Te’o sees career end with BCS title-game loss

Topics: From the Wires,

MIAMI GARDENS, Fla. (AP) — One of the last things Manti Te’o remembers Notre Dame coach Brian Kelly telling his team before the BCS title game was about the importance of four particular segments of play.

—The first two minutes of the game.

—The last two minutes of the first half.

—The first two minutes of the second half.

—The last two minutes of the game.

Of those, only one was not wrought with disaster for the Fighting Irish — and by then Te’o had left the field for the last time as a Notre Dame player.

Overmatched from the very start, Notre Dame’s hopes of going from unranked to undisputed this season ended in a crimson-and-white display of precise football. The Irish were beaten by Alabama 42-14 in the title matchup on Monday night, the only loss in 13 games for a Notre Dame team that few thought would be a championship hopeful when the season began.

“I’m obviously disappointed, not necessarily all that we lost, but just we didn’t represent our school, our team, our families the way that we could have,” Te’o said. “So in that aspect it’s just disappointing. But at the same time I’m proud to be a part of this team. What doesn’t kill you will only make you stronger.”

Cliche, sure.

But if anyone can live by those words, it’s Te’o, particularly after what he endured over the course of his final college season.

Alabama set the tone in the first two minutes, starting the game with an 82-yard march in only five plays to take a 7-0 lead on Eddie Lacy’s touchdown run, the first of his many highlights on this night. With 31 seconds left in the half, Lacy caught a touchdown pass for his second score — one that made it 28-0 and had Kelly cracking a joke at his own expense in a televised halftime interview.

“All Alabama,” Kelly said at the time. “I mean, we can’t tackle them right now. And who knows why? They’re big and physical — I guess I do know why.”

Anyone who was watching knew why.

So the first two minutes were all ‘Bama, the last two minutes of the half went the Tide’s way as well, and the first two minutes of the third quarter ended with Notre Dame quarterback Everett Golson throwing an interception near the goal line, a sensational play made by Alabama’s HaHa Clinton-Dix to come up with that turnover.

Alabama scored on the ensuing drive, and Te’o stood perfectly still as he took a long look at one of the giant video screens in Sun Life Stadium, studying the replay of that touchdown.
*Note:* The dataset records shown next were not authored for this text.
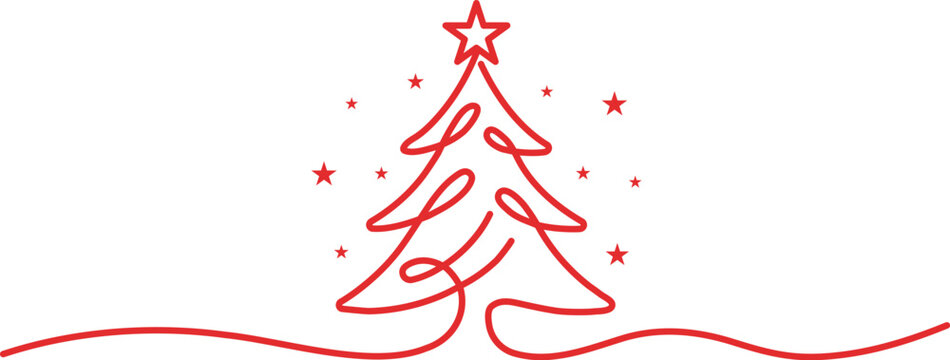 Hand Drawn Christmas Tree with Star and Decorative Lights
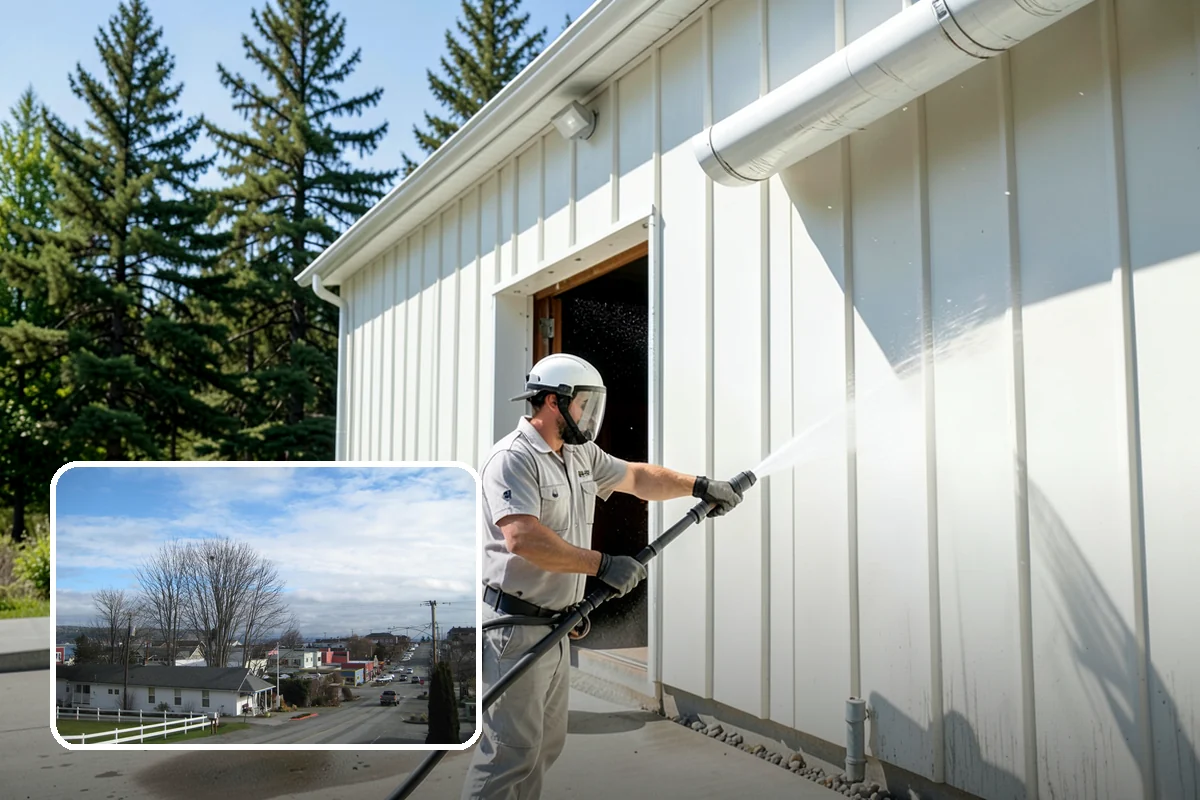 Brick House Washing in Langley, Island County, WA - Clears algae and moss from porous brick faces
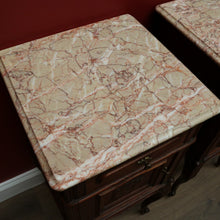 Load image into Gallery viewer, X SOLD Pair of Antique French Bedside Tables, Bedside Cabinets, Lamp Side Tables Marble B10653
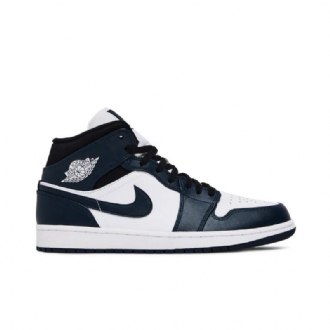 Air Jordan 1 Mid Mørke Blå Hvit Svart Herresko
It was a pose that Notre Dame repeated way, way too often.

“We just needed to execute better,” safety Zeke Motta said. “It was just a matter of execution and playing the right way.”

Missed chances on offense, missed tackles on defense. Kelly didn’t pinpoint reasons why for either — months of agonizing over film will tell that story — but some in the Notre Dame locker room insisted that the final score didn’t accurately show how far the Irish have come this season.

“They didn’t dominate us,” Notre Dame nose guard Louis Nix said. “We missed tackles.”

The numbers sure suggested domination.

By halftime, the Irish had already given up more points than they had in any game this season, the previous high being 26 in a triple-overtime win over Pittsburgh.

The most yards Notre Dame gave up this season was 379; Alabama cracked the 500 mark early in the fourth quarter. The Crimson Tide finished with 529 yards, converted 8 of 13 third downs, got five touchdowns in five trips to the red zone and became the first team since Stanford in 2009 to score at least 42 points against the Irish.

“Pretty darn good football team, but not good enough,” Kelly said, assessing his team as Alabama’s victory celebration was wrapping up on the field. “So it’s clear what we need to do in the offseason.”

What they do next will come without Te’o, the senior linebacker who was widely considered the nation’s top defensive player this season.

He was a nonfactor early with a couple of missed tackles — rare for him — and that foreshadowed how the rest of the night would go for the Fighting Irish.

“The best thing about this experience is it creates fire, it creates fuel, for both the guys staying here and the guys leaving,” Te’o said. “Everybody here tonight will be better because of it.”

Te’o leaves as an absolute surefire Notre Dame fan favorite, for both what he did on the field and how he handled things away from the game.

He’s a Mormon from Hawaii who spurned USC to sign with Notre Dame. He was one of the biggest sparkplugs for this current revitalization of Irish football, and saw his personal story become one of the more compelling parts of this Notre Dame season — when he mourned the deaths of both his girlfriend and his grandmother by playing perhaps his best game, a 12-tackle show against Michigan State.

He wound up finishing second in the Heisman Trophy race.

The Irish wound up finishing second in the national title chase.

And when it was all over, Te’o showed absolutely no regrets. He was subbed out of the game with about 2:15 remaining, shook some hands and started saying his farewell to the college game.

“Obviously we wish the night could have ended in a different way,” Te’o said, “but the season, the year, my career here, I’ve been truly blessed to be at Notre Dame.

“And I’ll forever be proud to say that I’m a Notre Dame Fighting Irish.”